- _WHAT THE EXERCISE ASKS_
Without the images, print every line of the material below exactly as given.

- _GIVEN DATA_

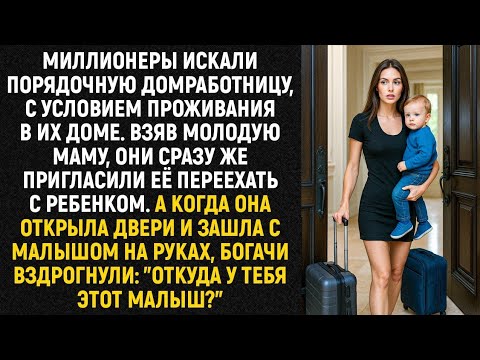 Видео: Миллионеры искали порядочную домработницу, с условием проживания в их доме. Взяв молодую маму...
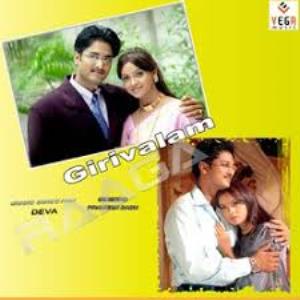 Girivalam Poster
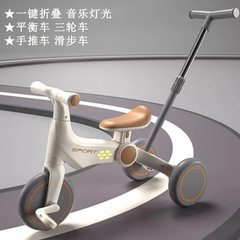 Children's three-wheeled bike 2-4-6 years old balance bike push-along for kids multifunctional lightweight foldable skater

- _OUTPUT FOR THIS TASK_
 Видео: Миллионеры искали порядочную домработницу, с условием проживания в их доме. Взяв молодую маму...
 Girivalam Poster
 Children's three-wheeled bike 2-4-6 years old balance bike push-along for kids multifunctional lightweight foldable skater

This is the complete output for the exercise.